Aviso importante: Las ideas u opiniones expresadas en este artículo son responsabilidad exclusiva del autor y no reflejan necesariamente la postura de la Universidad Francisco Marroquín.
Captura de Pantalla 2025-03-07 a la(s) 12.31.31

El vicio como delito y la virtud obligatoria: una crítica a la libertad positiva.

Autor: Renzo Caccin

Estudiante de Ciencia Política

«¿Quién se atrevería a afirmar que el don de la fuerza nos fue dado no para defender nuestros derechos, sino para aniquilar los derechos iguales de nuestros hermanos?» (Bastiat 2003, 10).

La virtud se traduce en un recto actuar cuando existe la posibilidad de obrar en sentido contrario, pues el cimiento de esta es la libertad de anteponerla al vicio, como denominamos aquel acto que consideramos moralmente malo. La libertad, entonces, es el requisito previo a la virtud, el medio para acometerla (Spooner 2015); en ausencia de ella, la virtud es inexistente, debido a que no nace como elección del ente que actúa, sino probablemente como una obligación de un ente regulador del comportamiento. Delegar esta facultad de elección entre acción viciosa o virtuosa a un ente regulador del comportamiento —como el Estado— transforma lo bueno en obligatorio y lo malo en ilegal, enajenándonos de nuestro deber como individuos de tener que escoger la virtud sobre el vicio. En este caso solemos evitar el vicio por el castigo que conlleva y no por una predisposición moral interna.
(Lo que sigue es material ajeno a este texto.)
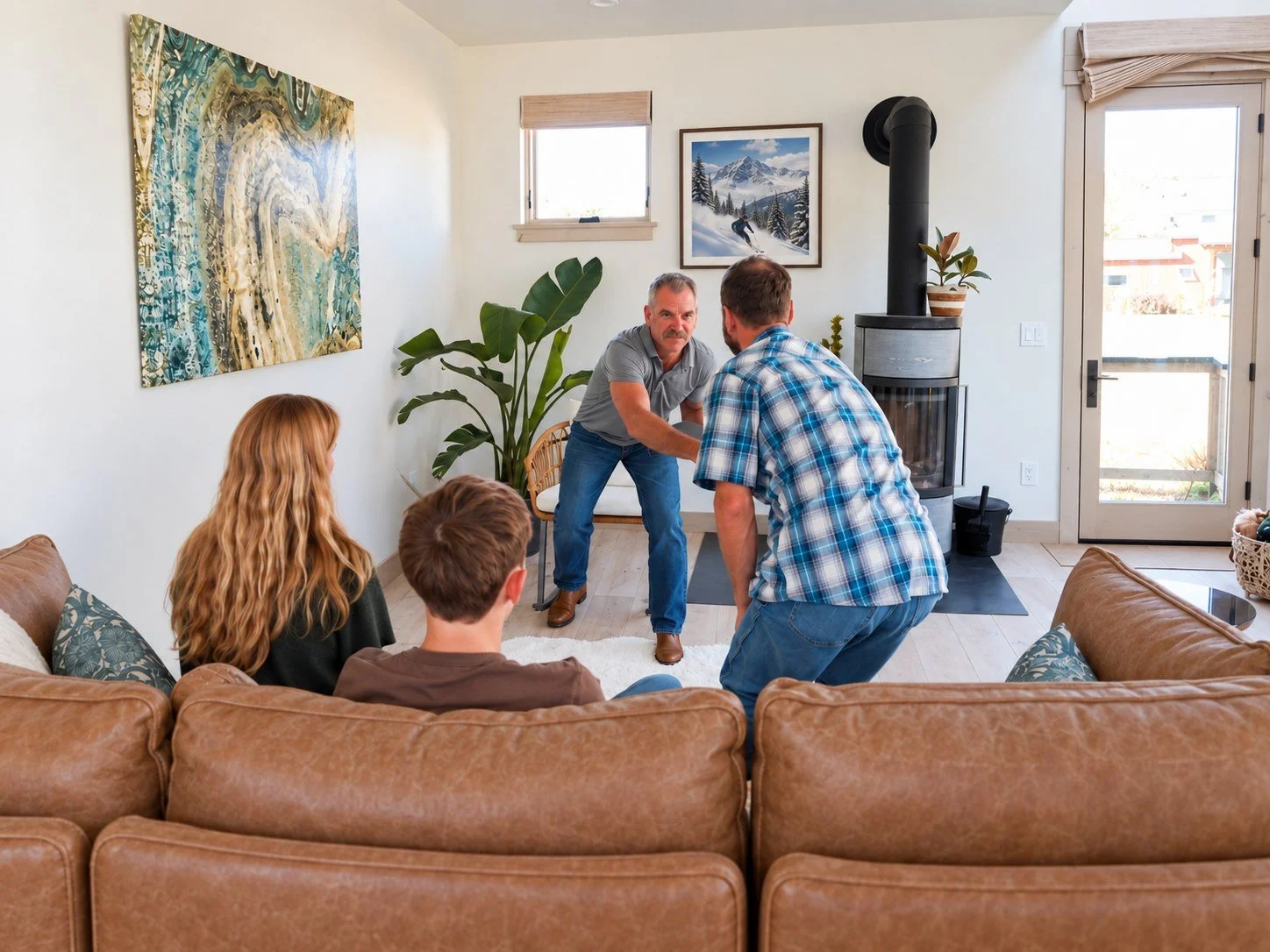 Four people sitting in a living room, watching a man in a gray shirt demonstrate a self-defense move. The living room features artwork, plants, a wood stove, and a glass door.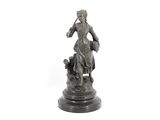 a statue of a man riding a horse with a dog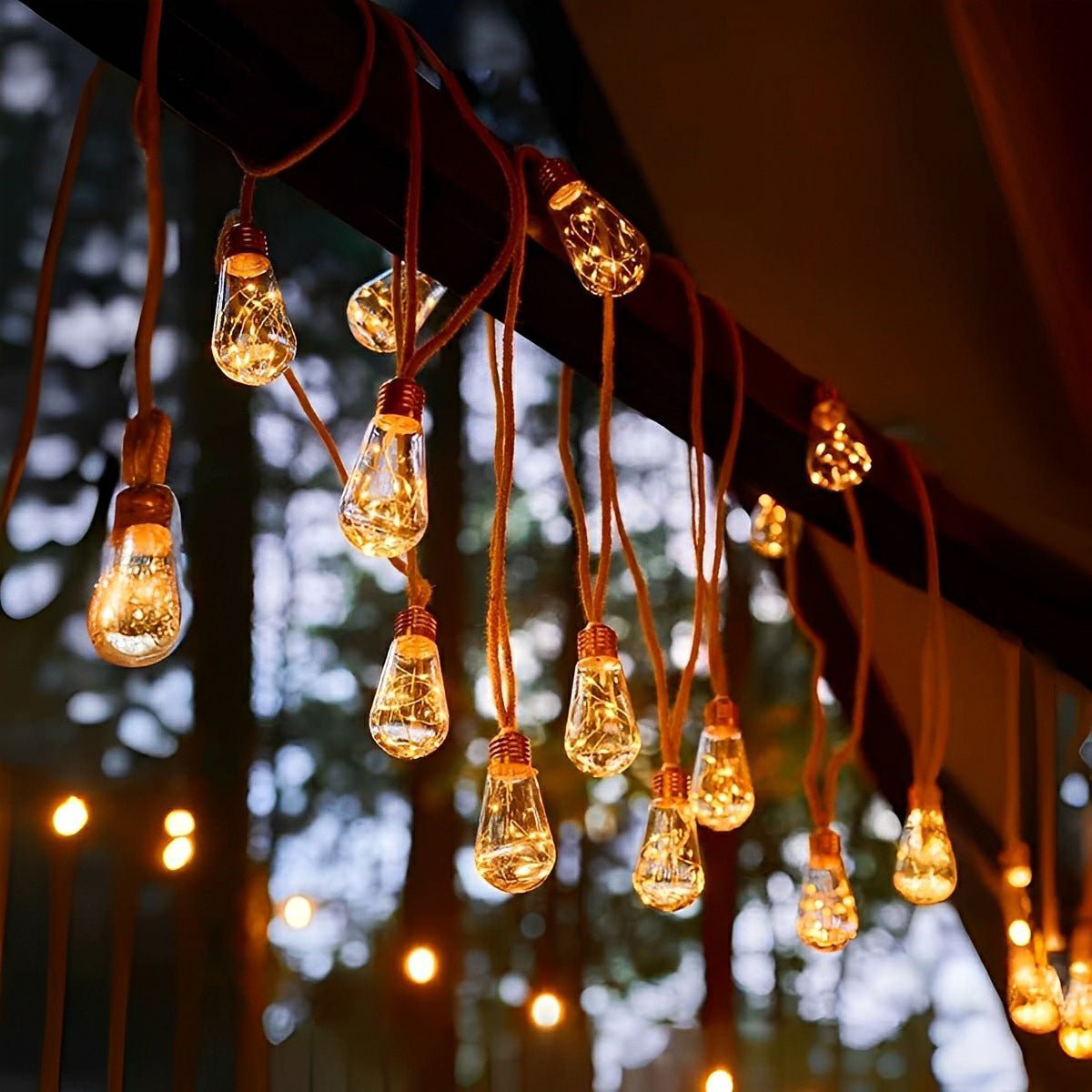 Outdoor solar string lights with vintage amber bulbs on brown hemp rope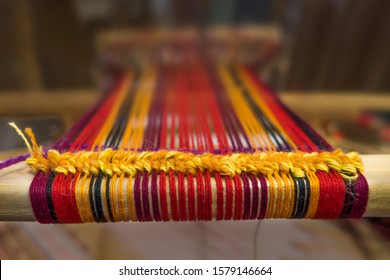 Detail of traditional vintage weaving hand loom with wool close up. Weaving background. Craftsmanship background. Traditional old loom.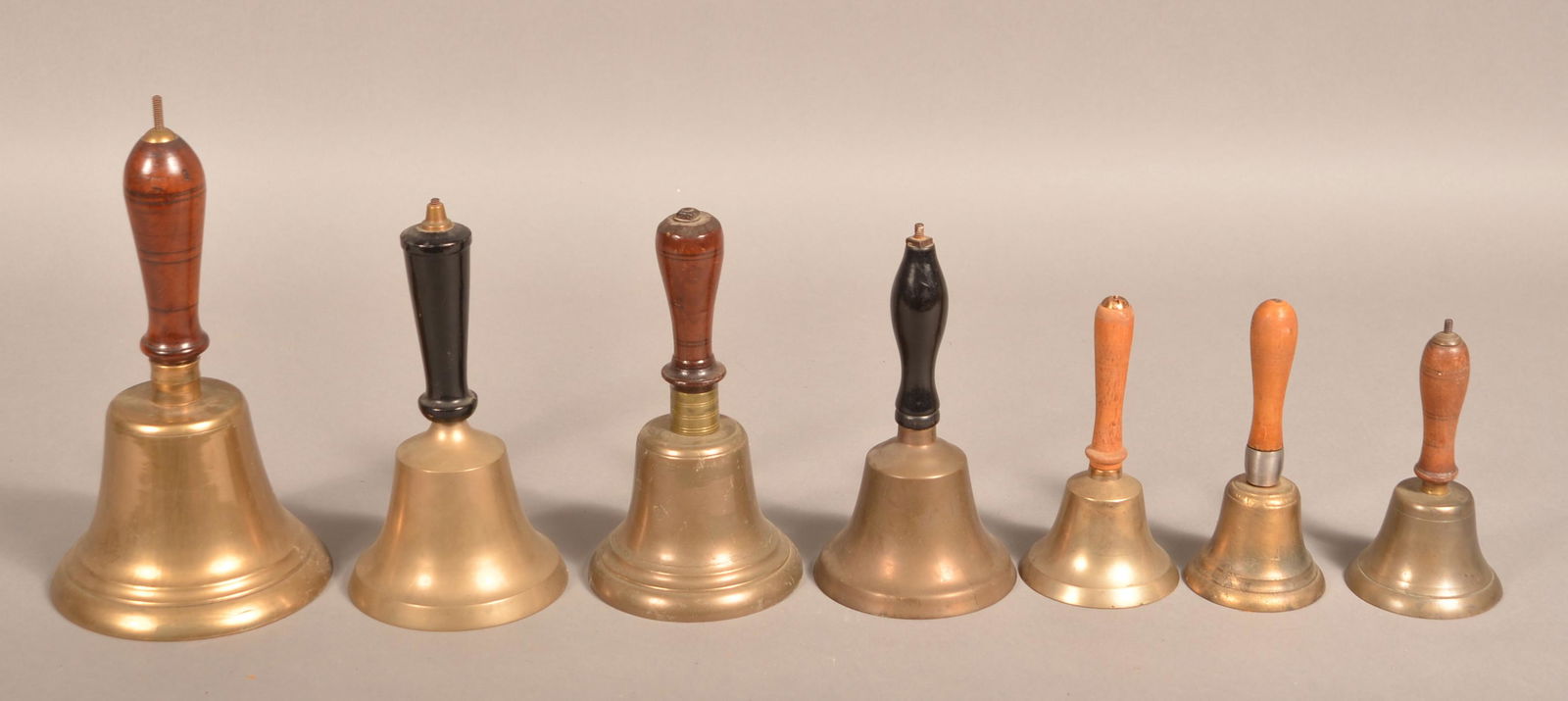 7 Antique Brass Hand bells with Turned Wood Handles. (1 of 3)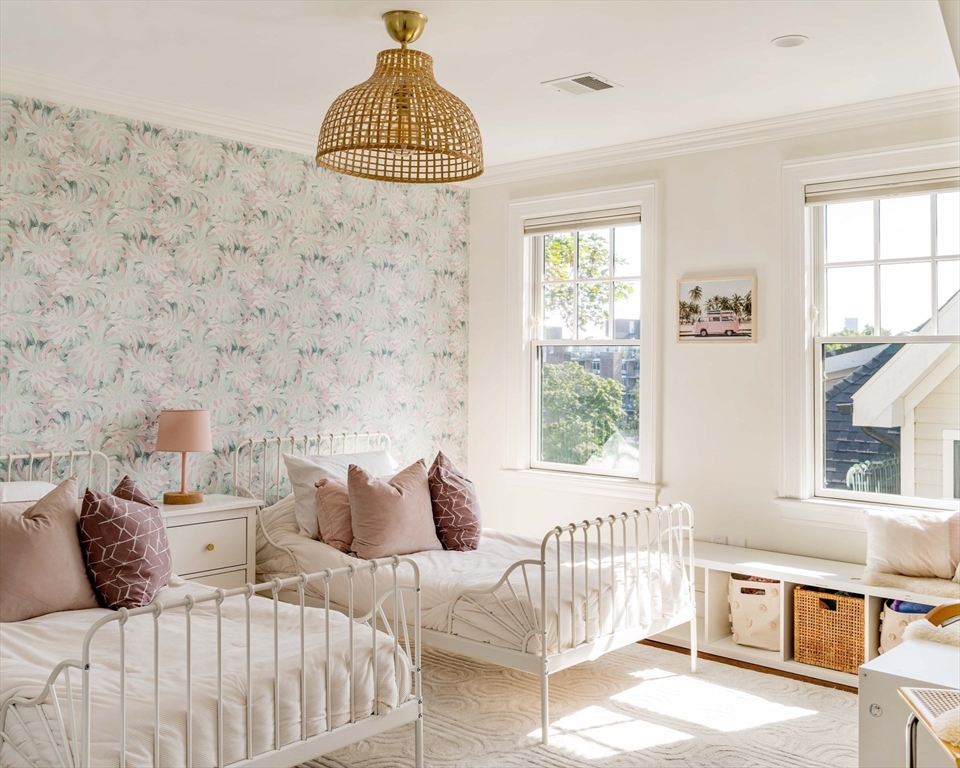 27 Summit Avenue, Unit 2 Brookline, MA 02446 - Photo 24 of 34 a bedroom with furniture and a window
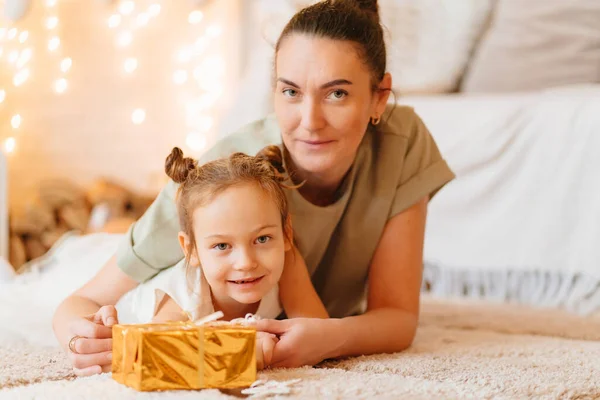 Mutter und lustige Tochter im weißen Kleid mit Geschenk in goldenem Geschenkpapier — Stockfoto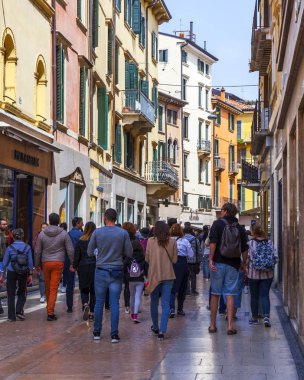 Verona, İtalya, 24 Nisan 2019 tarihinde. İnsanlar eski şehirde tipik bir mimari kompleksi ile dar pitoresk sokak boyunca gitmek
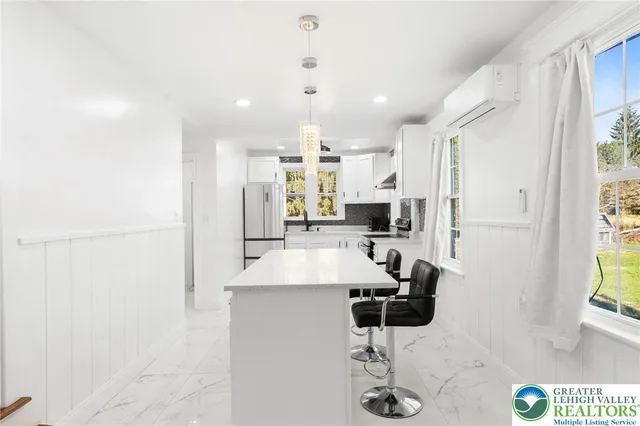 a kitchen with refrigerator and window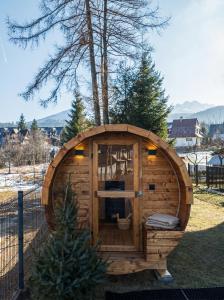 a large wooden hobbit house in a yard at Villa Taternik - Studio Apartment - Mountain View in Zakopane +10 photos
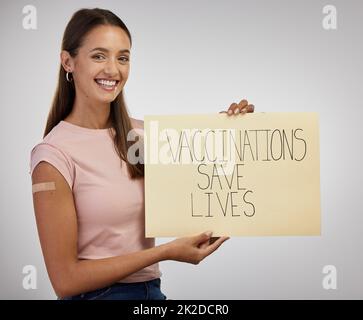 Es wird derzeit an COVID-19 geklebt. Aufnahme einer jungen Frau, die allein im Studio steht und ein Poster in der Hand hält, nachdem sie sich geimpft hat. Stockfoto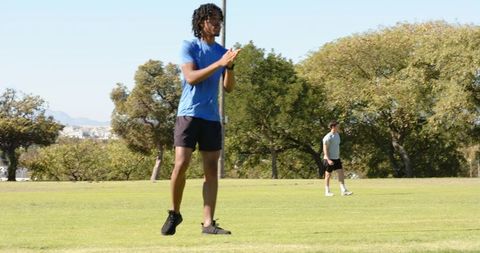 African american athlete lunging and clapping on park field during outdoor team training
Este ha sido nuestro gran error: hemos confundido la naturaleza del ente que debe ser virtuoso. Hemos delegado al Estado la facultad de volver a la virtud una obligación, intentando evitar el vicio mediante el castigo de crímenes sin víctimas —como el consumo de estupefacientes, la prostitución y la eutanasia—; así como imponiéndola en una especie de expoliación redistributiva. Sencillo sería culpar al Estado de ello, representante del orden como antagónico a la libertad, porque, al fin y al cabo, es quien ejerce el despotismo. No obstante, sorprende ver a las masas aplaudiendo al unísono este tipo de legislaciones, escondiendo su intolerancia moralista bajo el pretexto de cuidarnos de nosotros mismos, quienes, de algún modo, podemos ser nuestros propios victimarios. Escohotado (2015) encontraba dos enemigos de la libertad: el miedo a nosotros mismos y el miedo a los otros. El miedo a uno mismo se refiere al peso que siente el individuo al enfrentarse al abismo de ser responsable de sus acciones, abismo que, lejos de enfrentarse, se delega a un legislador omnipotente que nos protege de nosotros mismos. Esta debilidad de espíritu necesita una figura paternalista que nos trate como niños inmaduros, tal como lo hace el estado de bienestar. Junto con este miedo a uno mismo, encontramos una actitud despótica hacia las acciones del prójimo: el miedo a nosotros mismos se torna una desconfiada intolerancia hacia la libertad del otro. Es decir: el abismo de la responsabilidad se retroalimenta de una desconfianza hacia las acciones de los demás, escondiéndose en el disfraz de saber qué es lo mejor para el otro —a pesar del otro—, aunque eso conlleve el uso de la violencia como medio para regular el comportamiento. A partir de estos dos sentimientos de miedo, se justifican todo tipo de intromisiones estatales sobre la vida, la libertad y la propiedad de los individuos.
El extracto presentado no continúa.